Historical and Multilingual OCR

The Historical and Multilingual OCR project, which emerged from collaborative conversations between the Mellon Foundation, the National Endowment for the Humanities, and the Library of Congress, will serve as a catalyst for further OCR research and help the community move forward best practices for digital collections using OCR data.

Over the last fifteen years, optical character recognition (OCR) technology has turned billions of images of books, newspapers, and other materials into text searchable at Google Books, the Internet Archive, the Library of Congress, Europeana, and more. The digital abundance now available to students, researchers, and general readers has largely concentrated in the last 100 years, where current systems perform well. Although not perfect for even the most modern documents, currently available OCR systems are much less well suited to older printed texts, whatever their language, and to manuscripts.

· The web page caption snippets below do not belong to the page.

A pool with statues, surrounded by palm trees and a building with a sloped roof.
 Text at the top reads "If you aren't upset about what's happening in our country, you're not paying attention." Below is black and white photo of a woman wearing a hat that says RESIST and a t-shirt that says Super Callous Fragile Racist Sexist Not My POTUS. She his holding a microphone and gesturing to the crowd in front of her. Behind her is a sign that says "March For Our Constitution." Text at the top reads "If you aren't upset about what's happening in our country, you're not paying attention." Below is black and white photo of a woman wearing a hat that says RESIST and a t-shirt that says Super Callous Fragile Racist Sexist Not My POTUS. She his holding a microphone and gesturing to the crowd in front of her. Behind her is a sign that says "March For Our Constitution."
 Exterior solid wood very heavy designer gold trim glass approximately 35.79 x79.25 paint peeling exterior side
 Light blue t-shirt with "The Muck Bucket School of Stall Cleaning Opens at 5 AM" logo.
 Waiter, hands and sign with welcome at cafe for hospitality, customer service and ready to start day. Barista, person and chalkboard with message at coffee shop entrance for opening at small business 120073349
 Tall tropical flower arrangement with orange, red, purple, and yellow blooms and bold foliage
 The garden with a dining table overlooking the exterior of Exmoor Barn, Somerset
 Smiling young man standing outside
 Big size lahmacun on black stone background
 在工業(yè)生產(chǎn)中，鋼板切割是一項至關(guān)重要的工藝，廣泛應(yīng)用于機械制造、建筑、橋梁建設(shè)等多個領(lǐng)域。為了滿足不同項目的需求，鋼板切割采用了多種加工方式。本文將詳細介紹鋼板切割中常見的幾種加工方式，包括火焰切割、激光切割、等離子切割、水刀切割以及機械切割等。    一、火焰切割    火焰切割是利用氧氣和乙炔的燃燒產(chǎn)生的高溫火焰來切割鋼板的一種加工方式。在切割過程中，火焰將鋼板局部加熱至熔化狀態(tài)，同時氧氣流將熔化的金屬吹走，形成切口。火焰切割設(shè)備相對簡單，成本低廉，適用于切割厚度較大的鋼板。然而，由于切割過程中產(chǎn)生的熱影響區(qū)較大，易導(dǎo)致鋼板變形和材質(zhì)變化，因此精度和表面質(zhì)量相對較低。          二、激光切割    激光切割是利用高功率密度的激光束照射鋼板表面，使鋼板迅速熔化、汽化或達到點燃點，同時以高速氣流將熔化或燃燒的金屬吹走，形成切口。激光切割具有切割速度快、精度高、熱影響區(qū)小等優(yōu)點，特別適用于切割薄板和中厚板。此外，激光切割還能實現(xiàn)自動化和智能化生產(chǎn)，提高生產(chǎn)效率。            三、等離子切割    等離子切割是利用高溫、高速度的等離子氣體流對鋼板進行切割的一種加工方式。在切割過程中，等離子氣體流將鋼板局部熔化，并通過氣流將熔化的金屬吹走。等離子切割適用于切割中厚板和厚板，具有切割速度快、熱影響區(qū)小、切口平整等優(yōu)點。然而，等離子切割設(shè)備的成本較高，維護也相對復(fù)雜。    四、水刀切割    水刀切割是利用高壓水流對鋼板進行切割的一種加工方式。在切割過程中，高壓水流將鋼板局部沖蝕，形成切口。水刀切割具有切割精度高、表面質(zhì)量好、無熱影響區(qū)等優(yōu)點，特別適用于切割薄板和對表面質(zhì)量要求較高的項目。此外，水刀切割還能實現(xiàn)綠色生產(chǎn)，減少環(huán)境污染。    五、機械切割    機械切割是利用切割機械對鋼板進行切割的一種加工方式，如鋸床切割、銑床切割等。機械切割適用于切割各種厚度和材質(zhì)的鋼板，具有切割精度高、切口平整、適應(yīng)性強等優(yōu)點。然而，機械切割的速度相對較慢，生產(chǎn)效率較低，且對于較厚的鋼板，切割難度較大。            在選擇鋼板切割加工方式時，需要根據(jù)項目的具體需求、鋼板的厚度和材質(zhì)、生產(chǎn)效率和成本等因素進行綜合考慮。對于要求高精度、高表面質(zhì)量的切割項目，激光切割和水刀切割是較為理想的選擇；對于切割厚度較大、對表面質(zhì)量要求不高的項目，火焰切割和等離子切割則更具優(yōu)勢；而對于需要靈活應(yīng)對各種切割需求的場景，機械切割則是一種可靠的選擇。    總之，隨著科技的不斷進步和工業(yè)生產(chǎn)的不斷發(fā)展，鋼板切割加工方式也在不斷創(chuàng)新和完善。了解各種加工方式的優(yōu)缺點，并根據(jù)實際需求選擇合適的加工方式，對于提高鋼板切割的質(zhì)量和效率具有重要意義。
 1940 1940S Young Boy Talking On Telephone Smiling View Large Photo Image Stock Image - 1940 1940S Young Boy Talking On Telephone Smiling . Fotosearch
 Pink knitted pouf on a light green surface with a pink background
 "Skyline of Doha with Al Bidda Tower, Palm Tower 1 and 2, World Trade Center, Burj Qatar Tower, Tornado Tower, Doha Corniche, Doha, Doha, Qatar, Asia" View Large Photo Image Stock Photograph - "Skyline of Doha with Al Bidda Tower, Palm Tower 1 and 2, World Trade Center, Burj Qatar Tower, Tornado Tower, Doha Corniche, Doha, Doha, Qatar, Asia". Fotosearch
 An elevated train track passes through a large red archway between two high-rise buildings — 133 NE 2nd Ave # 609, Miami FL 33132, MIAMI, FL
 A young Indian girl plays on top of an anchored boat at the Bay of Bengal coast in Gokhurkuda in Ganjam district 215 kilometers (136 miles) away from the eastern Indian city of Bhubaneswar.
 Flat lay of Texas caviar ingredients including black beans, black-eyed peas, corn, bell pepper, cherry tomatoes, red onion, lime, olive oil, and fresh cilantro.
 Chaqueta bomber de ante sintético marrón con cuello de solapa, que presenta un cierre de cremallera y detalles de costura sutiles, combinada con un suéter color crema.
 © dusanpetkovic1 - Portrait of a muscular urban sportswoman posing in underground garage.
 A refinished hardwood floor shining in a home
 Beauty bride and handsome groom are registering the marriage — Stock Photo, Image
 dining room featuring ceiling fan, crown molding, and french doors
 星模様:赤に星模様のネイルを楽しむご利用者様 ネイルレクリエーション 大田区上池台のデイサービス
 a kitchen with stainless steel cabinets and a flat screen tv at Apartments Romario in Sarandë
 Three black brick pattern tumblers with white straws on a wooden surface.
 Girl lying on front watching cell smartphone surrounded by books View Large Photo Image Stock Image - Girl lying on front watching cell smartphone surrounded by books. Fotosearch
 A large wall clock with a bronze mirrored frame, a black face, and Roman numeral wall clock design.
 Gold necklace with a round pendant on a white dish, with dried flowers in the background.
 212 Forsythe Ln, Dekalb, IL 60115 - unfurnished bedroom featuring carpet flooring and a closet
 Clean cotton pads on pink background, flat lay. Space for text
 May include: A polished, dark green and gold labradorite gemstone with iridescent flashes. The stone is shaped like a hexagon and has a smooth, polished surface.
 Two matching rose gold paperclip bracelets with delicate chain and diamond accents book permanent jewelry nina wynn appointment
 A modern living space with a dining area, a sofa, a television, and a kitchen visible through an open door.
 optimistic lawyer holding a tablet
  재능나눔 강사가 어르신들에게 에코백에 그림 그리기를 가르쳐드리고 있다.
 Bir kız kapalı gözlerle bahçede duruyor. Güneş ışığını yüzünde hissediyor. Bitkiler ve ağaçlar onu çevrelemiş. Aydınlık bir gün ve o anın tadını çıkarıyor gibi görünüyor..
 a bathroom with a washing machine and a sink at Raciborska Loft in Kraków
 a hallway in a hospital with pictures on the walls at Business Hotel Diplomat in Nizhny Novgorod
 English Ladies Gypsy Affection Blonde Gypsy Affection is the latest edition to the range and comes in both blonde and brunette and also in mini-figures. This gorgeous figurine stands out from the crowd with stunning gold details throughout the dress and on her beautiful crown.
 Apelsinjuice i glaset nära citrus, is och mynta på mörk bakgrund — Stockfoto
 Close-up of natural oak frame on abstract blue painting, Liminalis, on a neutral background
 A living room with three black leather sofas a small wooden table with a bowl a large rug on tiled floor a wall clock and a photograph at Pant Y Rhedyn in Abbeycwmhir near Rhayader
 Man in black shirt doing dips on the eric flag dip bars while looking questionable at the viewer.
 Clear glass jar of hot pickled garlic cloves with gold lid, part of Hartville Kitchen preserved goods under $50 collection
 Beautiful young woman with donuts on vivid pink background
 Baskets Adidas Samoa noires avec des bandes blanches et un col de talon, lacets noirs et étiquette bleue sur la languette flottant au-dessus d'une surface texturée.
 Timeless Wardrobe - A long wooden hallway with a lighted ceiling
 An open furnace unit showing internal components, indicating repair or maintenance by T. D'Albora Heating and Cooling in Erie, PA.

In this report, David A. Smith and Ryan Cordell of Northeastern University’s NULab for Texts, Maps, and Networks survey the current state of OCR for historical documents and recommend concrete steps that researchers, implementors, and funders can take to make progress over the next five to ten years. Advances in artificial intelligence for image recognition, natural language processing, and machine learning will drive significant progress. More importantly, sharing goals, techniques, and data among researchers in computer science, in book and manuscript studies, and in library and information sciences will open up exciting new problems and allow the community to allocate resources and measure progress.

This report was written with the generous support of The Andrew W. Mellon Foundation. The conclusions are solely the responsibility of the authors.